Their application was before Justice Sakoane who on Tuesday ruled that they should present their
case to Justice Tshosa.

Justice Sakoane said as the trial judge, Justice Tshosa was best placed to preside over Messrs
Metsing and Mochoboroane’s application.

The chief justice said the reliefs sought by the two politicians were directed at the February 2020
amended charge sheet in a trial before Justice Tshosa and therefore “all the objections must be
decided by him (Justice Tshosa)”.

“The impugned joinder of the applicants (Metsing and Mochoboroane) in CRI/T/0001/2018 (treason
and murder trial) can and should be pursued before the trial judge,” Justice Sakoane ruled.

“It is also proper and convenient for the applicants to raise all objections before the trial judge.

“It would not be right for me sitting as a non-trial judge to pronounce on one or all of the issues
arising or connected to the impugned decision of the Director (Motinyane) in relation to the
indictment filed on 17 February 2020. The proper thing to do is to refer this application to the trial
judge so that the applicants can ventilate their objections in relation to the indictment in respect of
which the Director seeks to have them joined.

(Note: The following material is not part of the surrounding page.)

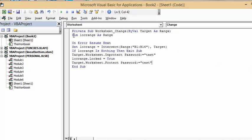I've gone dim and I've gone lock range, which is what I decided to call my range that I'm locking. On error resume next. Set lock range equals intersect between B1 and B16, that's what I selected when I took the lock off and set my password, then bracket target.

“In the result, the application is referred to the trial judge for determination,” Justice Sakoane
added.

This means that the actual trial for treason, which was supposed to begin sometime this month, will
have to wait until after Justice Tshosa has ruled on Messrs Metsing and Mochoboroane’s application.

It is not clear when Justice Tshosa will preside over the politicians’ application as he is yet to return
to the country from his home country (Botswana) where he had gone for the Christmas holiday.